SUPPLIED MATERIAL section start

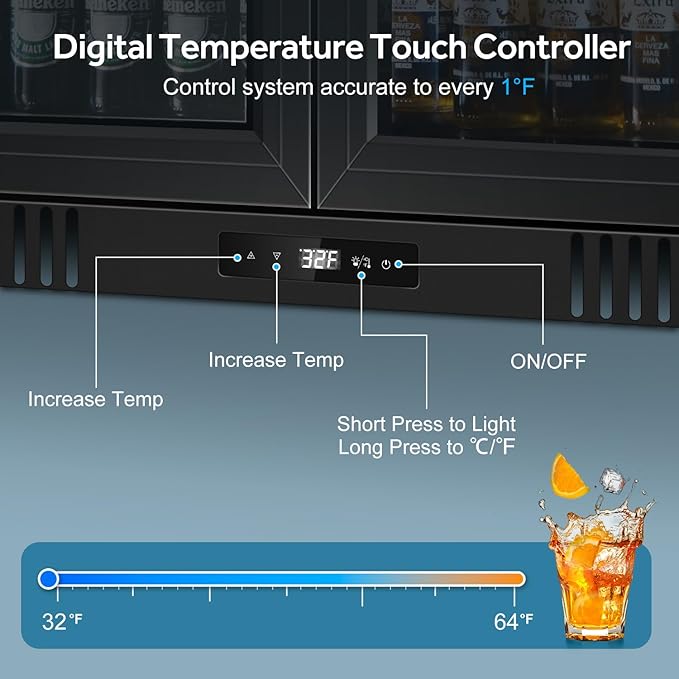 Tylza Back Bar Cooler With 2 Glass Doors, 7.2 Cu.Ft Under Counter Back Bar Refrigerator with LED Lighting, Safety Locks, Counter Height Bar Beverage Cooler for Beer, Soda Drinks, Wine, Black-DeskLoop Office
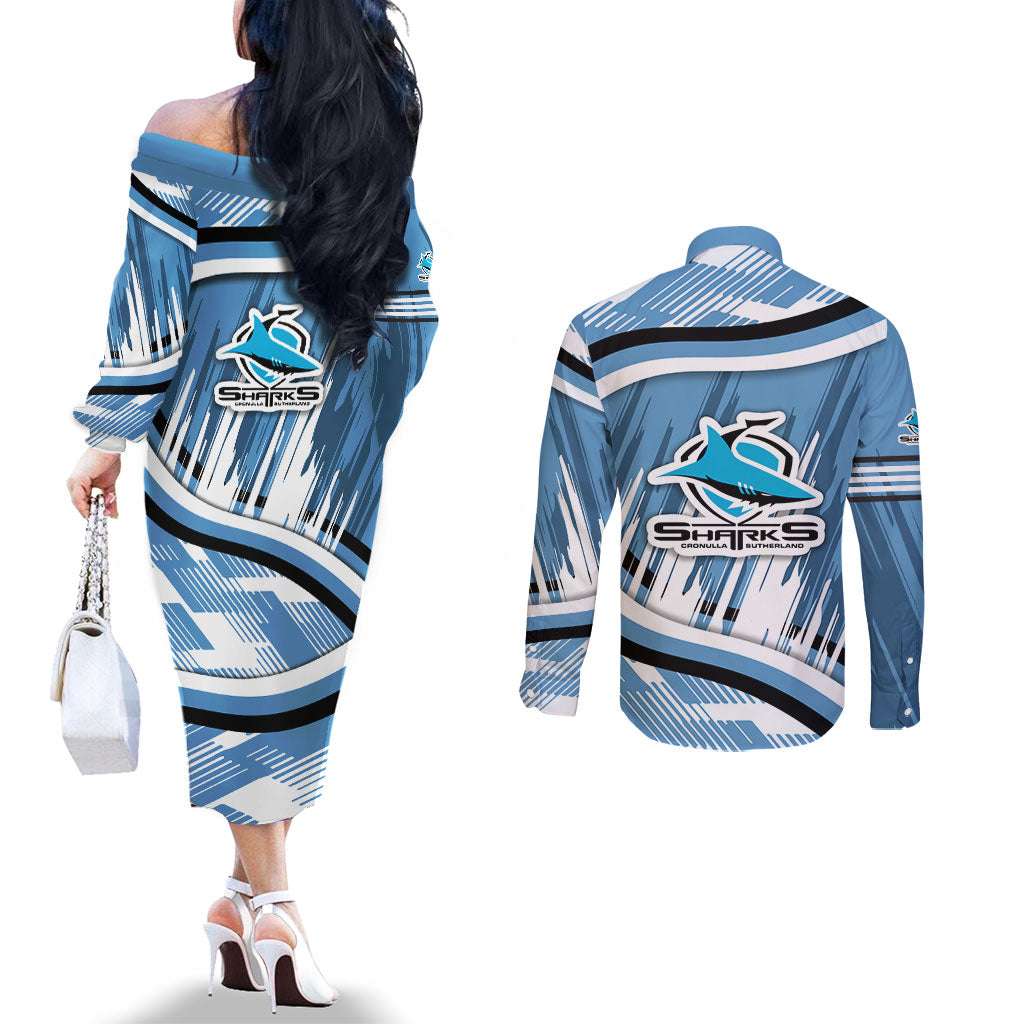 Cronulla Sharks Rugby Mascot Couples Matching Off The Shoulder Long Sleeve Dress and Long Sleeve Button Shirt Fierce Athlete Graphic in Sports Style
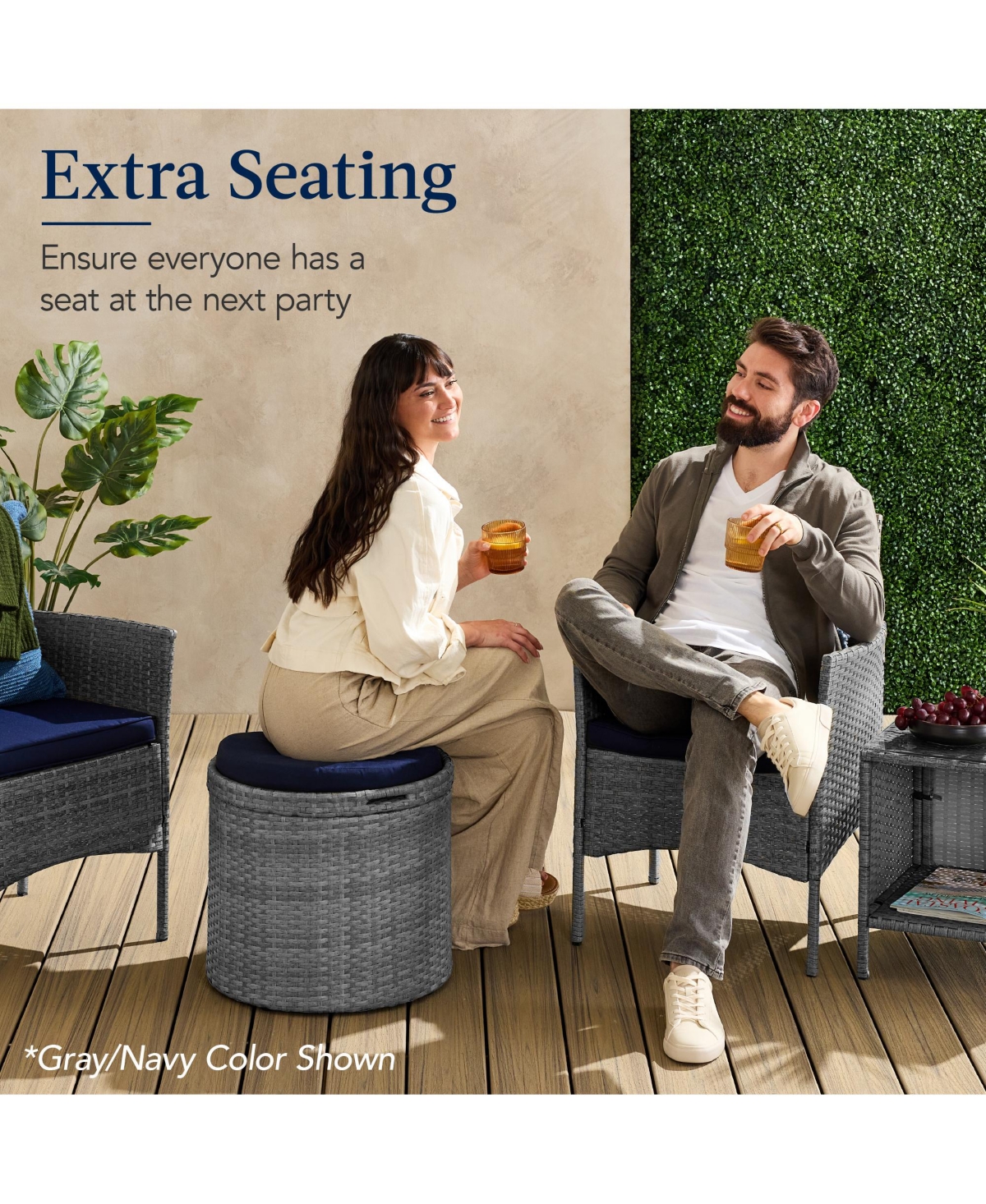 Best Choice Products Round Wicker Ottoman, Multipurpose Furniture w/ Removable Cushion, Steel Frame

SUPPLIED MATERIAL section end

WORK TASK: Could you copy each line above exactly as written, minus any pictures?

YOUR RESPONSE:
 Tylza Back Bar Cooler With 2 Glass Doors, 7.2 Cu.Ft Under Counter Back Bar Refrigerator with LED Lighting, Safety Locks, Counter Height Bar Beverage Cooler for Beer, Soda Drinks, Wine, Black-DeskLoop Office
 Cronulla Sharks Rugby Mascot Couples Matching Off The Shoulder Long Sleeve Dress and Long Sleeve Button Shirt Fierce Athlete Graphic in Sports Style
 Best Choice Products Round Wicker Ottoman, Multipurpose Furniture w/ Removable Cushion, Steel Frame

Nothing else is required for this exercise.